Superior Court of Pennsylvania
Sep 24, 2024
384 MDA 2024 (Pa. Super. Ct. Sep. 24, 2024)

Opinion

384 MDA 2024 J-S26003-24

09-24-2024

LORI WAGNER AND ROBERT BOYER v. LUNDIN VENABLE Appellant

Benjamin D. Kohler, Esq.


NON-PRECEDENTIAL DECISION - SEE SUPERIOR COURT O.P. 65.37

Appeal from the Order Entered February 15, 2024 In the Court of Common Pleas of York County Civil Division at No(s): 2019-FC-001924-03

Benjamin D. Kohler, Esq.

BEFORE: PANELLA, P.J.E., OLSON, J., and KUNSELMAN, J.

MEMORANDUM

PANELLA, P.J.E.

Lundin Venable ("Mother") appeals from the order denying her petition for modification of custody and contempt of court against Lori Wagner ("Grandmother") and Robert Boyer ("Grandfather") (collectively, "Grandparents"). Mother raises numerous claims of trial court error. After careful review, we affirm.

The trial court set forth the relevant factual and procedural history:

Mother and Grandparents have been involved in custody proceedings since 2019 when Grandparents filed a complaint for custody of Mother's child [("Child")], who is now seven years old, asserting that they had been caring for Child for the past eighteen months. Grandparents' complaint asserted concerns regarding Mother's substance abuse, alcohol abuse, mental health, suicide attempts, etc. At trial on June 24, 2020, the court granted Grandparents sole legal custody and primary physical custody of Child. The court granted Mother strictly supervised partial physical custody with increased time phased in via four different tiers with seven conditions. Because Mother admitted to posting a picture of
Child on social media posing with her butt naked when Child was three years old, the court found Mother to be a threat of harm.
Grandparents and Child live in York, Pennsylvania, and Mother now lives approximately two and one-half hours away in Wilkes-Barre, Pennsylvania. By way of an abbreviated procedural history, on July 25, 2022, Mother filed a petition for modification and contempt, seeking a contempt finding for Grandmother and for supervision to ultimately be dropped. A custody trial was scheduled for June 22, 2023. Because two experts would not be available on the first day of trial, the court scheduled an hour for one expert to give testimony on June 8, 2023, and for the other to give testimony on June 9, 2023. The trial on June 22, 2023 was continued [to] October 26, 2023 and [] February 8, 2024, when the court entered its final order. The court denied Mother's petition with regard to contempt and removing the strict supervision requirement. The court did remove the phased-in system of supervision. Mother filed her notice of appeal and concise statement [of] errors on March 11, 2024.

Trial Court Opinion, 4/12/24, at 1-2 (record citations omitted).

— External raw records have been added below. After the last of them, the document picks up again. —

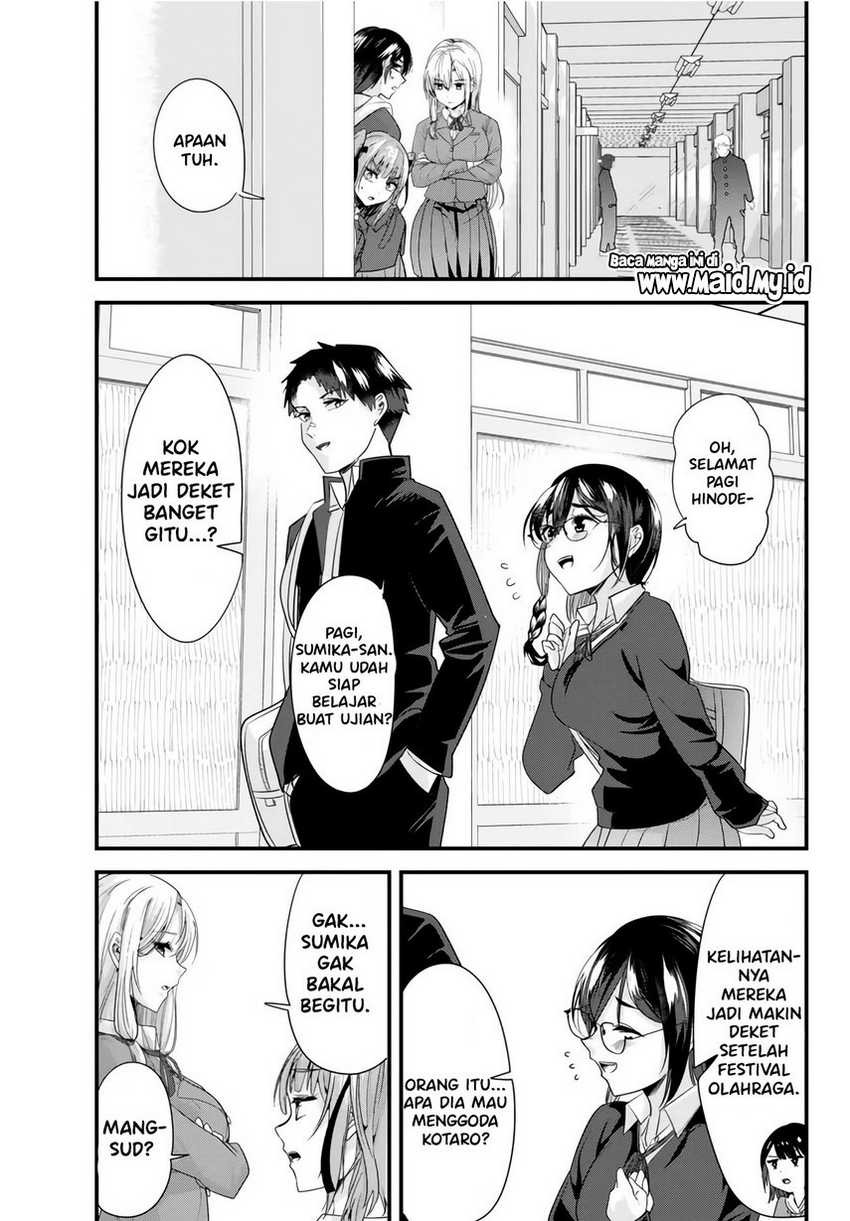 Jimoto no Ijimekko-tachi ni Shikaeshi Shiyou to Shitara, Betsu no Tatakai ga Hajimatta: Chapter chapter-19.1 - Page 3
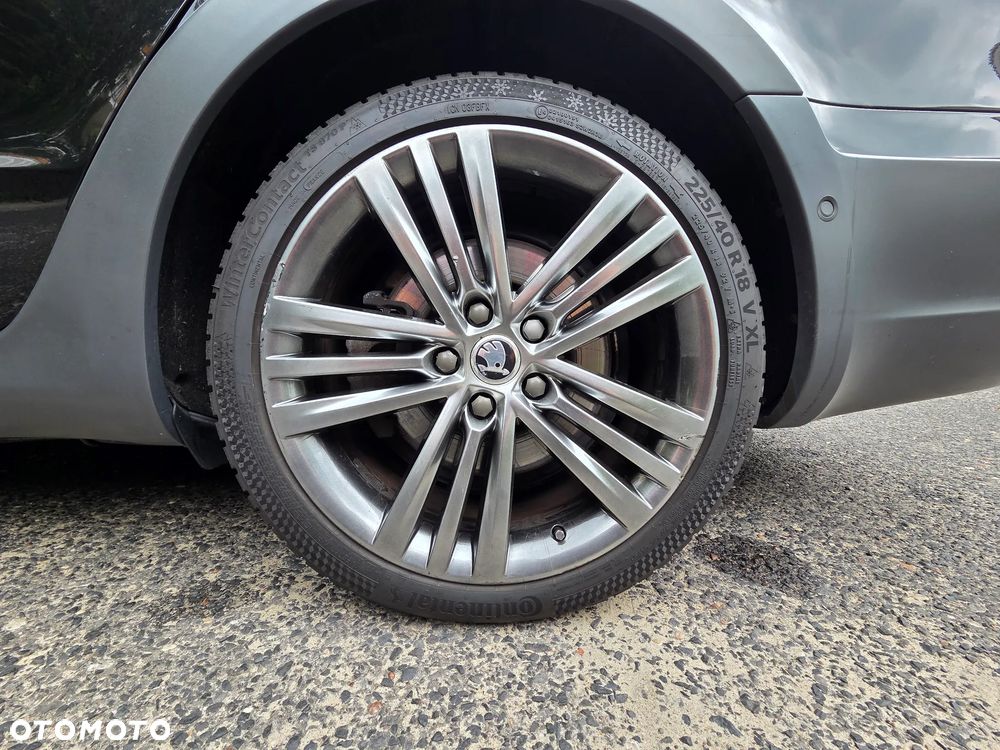 Skoda Superb 3.6 FSI 4x4 Platinum Outdoor DSG - 20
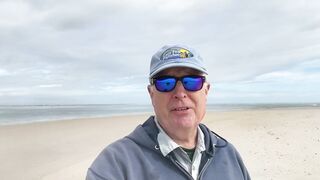 Carolina Beach Inlet Surf Fishing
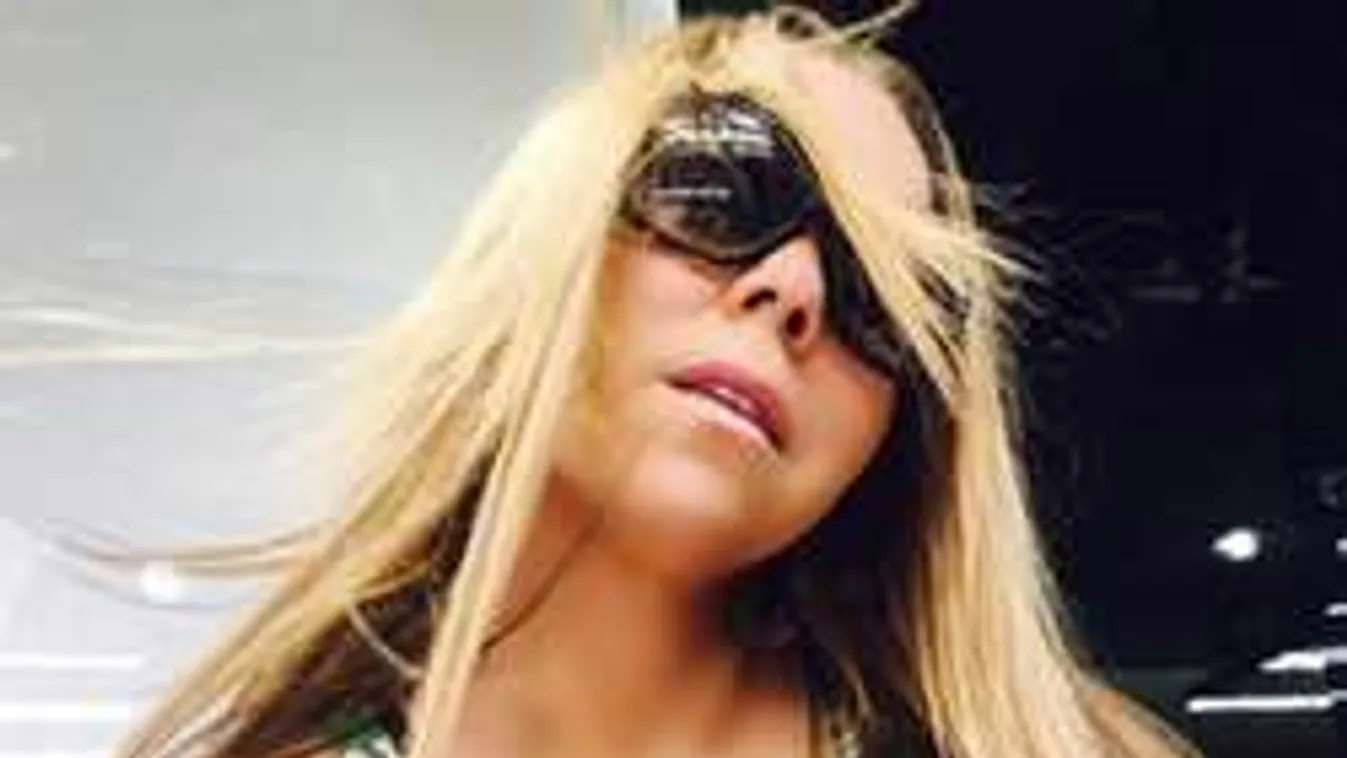 A szcientológiát okolja szakításáért a sztárdíva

Mother raises eight claims of error:
1. Did the trial court err as a matter of law and abuse its discretion by failing to complete testimony within a reasonable period of time, contrary to the best interests of the Child[?]
2. Did the trial court err as a matter of law and abuse its discretion by not addressing or ruling on matters of contempt raised by Mother in her Petition for Modification and Contempt filed on July 25, 2022?
3. Did the trial court err as a matter of law and abuse its discretion, attributing Mother's physical appearance and presence on [s]ocial [m]edia as factual reasons to continue supervised contact with the Child and deny her petition for [m]odification[?]
4. Did the trial court err as a matter of law and / or abuse its discretion when removing Mother's ability to progress with her physical custody rights[?]
5. Did the trial court err as a matter of law and/or abuse its discretion when, without sufficient reason and despite expert
testimony, it found that [M]other continues to pose a risk of harm to the minor [C]hild[?]
6. Did the trial court err as a matter of law and / or abuse its discretion when, despite having achieved sustained sobriety, engaging in recovery groups, and continued engagement in mental health treatment, it sustained its finding that Mother is a risk of harm to the [C]hild[?]
7. Did the trial court err as a matter of law and/or abuse its discretion in continuing to allow Grandmother to deny Mother's numerous requests that the [c]ourt appoint a supervisor despite a lack of evidence supporting ongoing safety concerns[?]
8.In addition to the above, the trial court erred as a matter of law and / or abused its discretion when it counted missed visits against her that she had no control over due to the continuing position of the court that she remains a risk of harm and continuing to require that Mother be subject to strict supervision at all times.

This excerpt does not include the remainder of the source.